The pair launched the podcast in January, featuring interviews with local creators and discussions on artistic processes and philosophy. They join a variety of podcasts covering the Boston art scene — from “The Lonely Palette,” hosted by Tamar Avishai, the Museum of Fine Arts’s first podcaster-in-residence, to “Hoodgrown Aesthetic,” covering local artists of color, to “Last Seen,” a joint effort between the Globe and WBUR to explore the famed Gardner Museum heist.
“The Boston Art Podcast,” by comparison, is of the scrappy, DIY ilk, focusing on the preservation of unknown, emerging, and underground artists. The episodes, which range in length from under an hour to over two hours, are posted every Friday on YouTube and Spotify. The podcast is completely unedited and recorded with phones instead of professional microphones. “I think it adds a different level of rawness,” Earthwurms said.
The episodes are all structured as uninhibited, free-flowing conversations — either between the hosts and their guest, or between the hosts themselves — in all their awkward glory. But the stripped-down style has a purpose.
“There are a lot of artists that might not be here in the future, or that might not be doing what they’re doing right now, and they may not believe what they believe right now,” said Huntress, 25. “If we can ... pinpoint and record this one moment, that’s huge to me. I think that’s a beautiful thing.”
Recent guests include artist, designer, and roboticist Joe Taveras and painter, illustrator, and tattoo artist Lily Fay. At first, the guests were those in the hosts’ networks, but now, “we’re just kind of reaching out to everybody we can,” Earthwurms said.
“The times that we romanticize, like New York in the ’60s … really are just people that have really great ideas being in the same space and sharing art without worrying about profits,” said Earthwurms, who helped found art collaboratives at Quincy College and in their hometown of Plymouth. “The podcast is the way that I found that works the best for a non-physical space.”

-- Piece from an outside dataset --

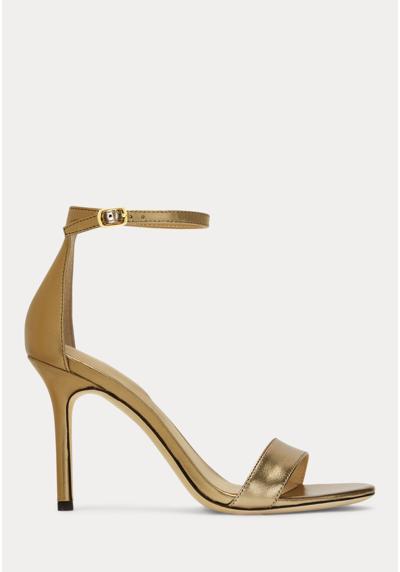 Сандалии ALLIE METALLIC NAPPA LEATHER SANDAL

In episodes, the hosts chew on topics like the intersection of portraiture and identity or review exhibits, like the “The Visitors” by Ragnar Kjartansson, on display at the Institute of Contemporary Art.
“I think that’s really the heart of someone’s art making process, is their story and the reasons why they’re doing it, not necessarily the product that they’re creating,” said Earthwurms, who worked as a membership sales representative at the MFA for two years until mid-2020.
Earthwurms and Huntress, who both live in Brighton, became friends over quarantine through developing “The Letter Project,” where they made collaborative drawings with each other through the mail. The podcast, Huntress said, came naturally after that.
At times on the podcast, the hosts are “radically vulnerable,” Huntress said, talking about their mental health and other personal topics.
“We’re showing ourselves as we actually are, our authentic selves in this moment. Just like we want to show Boston’s art as its authentic self as it is right now,” Huntress said. “We want to break through the artist statement and the PR press package and get to who these artists and these creators really are. So we do that [with] ourselves first.”
A chief goal of the podcast, Earthwurms said, is community-building, which includes establishing relationships with, lifting up, and documenting artists who don’t have the resources or infrastructure to dedicate themselves to their art full-time.
“People that probably aren’t going to wind up making it the focus of their life because they systemically can’t because of income, their backgrounds, whatever different hoops they have to jump through,” Earthwurms said, “I really want to shine a light on those people.”
Their audience is small — each episode garners about 20 to 50 listeners, according to Huntress — but a massive reach isn’t the hosts’ goal.
“If we’ve interviewed an artist, or talked about someone on the podcast ... and something good came of it from their life and they got to tell their story or be seen and actually tend to be taken seriously as an artist, just that alone is a victory to me,” Huntress said.